America's right turn from Nation of Immigrants to Deportation Nation

As ID announces in its October 20 issue, ICE has deported almost 400,000 people this year, almost half with no criminal violations at all, and the other half possibly including many people without any criminal records other than ones related to immigration. There can be no doubt that many of the people deported had US citizen or lawful permanent resident spouses, children, parents or other close family members. Many were also, without any doubt, productive, hard-working tax-paying members of society.

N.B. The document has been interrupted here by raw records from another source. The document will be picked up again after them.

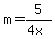 m=5%2F%284x%29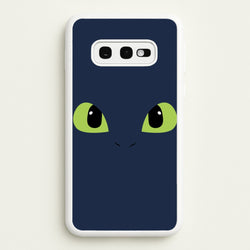 Black Fury Dragon Face  - How To Train Your Dragon Phone Case for Galaxy S10e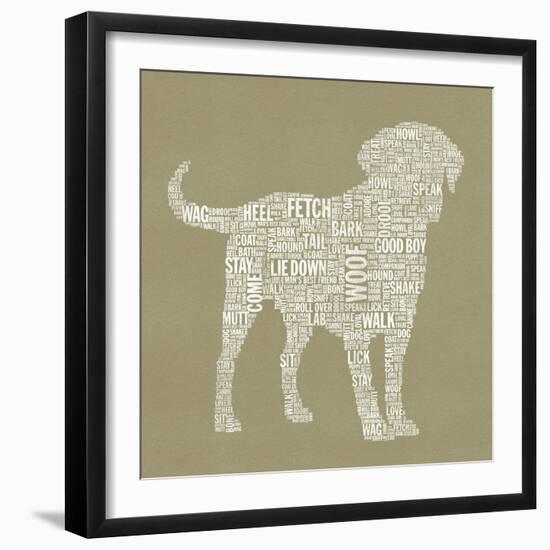 Dog Type 1A-Stella Bradley-Framed Premium Giclee Print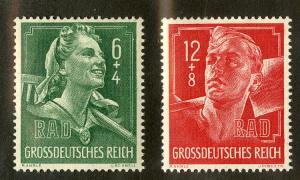 GERMANY B281-B282 MH SCV $1.00 BIN $0.60 FARMING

Many of those deported may also have had to endure intolerable and inhuman conditions in immigration jails which, as many have pointed out, seem to be run more for the private profit of well connected contractors than for the security or protection of the American people. Aside from the shame of turning away from being a Nation of Immigrants to becoming Deportation Nation, what are the implications of America's sharp turn to the right on immigration, where one presidential candidate is booed for suggesting that the country should "have a heart" toward immigrants and another is cheered for suggesting that they should be electrocuted?
No matter how bad any situation might become, there is always a tendency to assume that the worst has already happened. History shows again and again that this assumption is often false. The Obama administration's deportation mania, evidently unaffected by any palliative Morton memos, may lead inevitably to the next step - closing our borders completely. The main ingredient for this poisonous concoction, anti-immigrant racism, is already in place.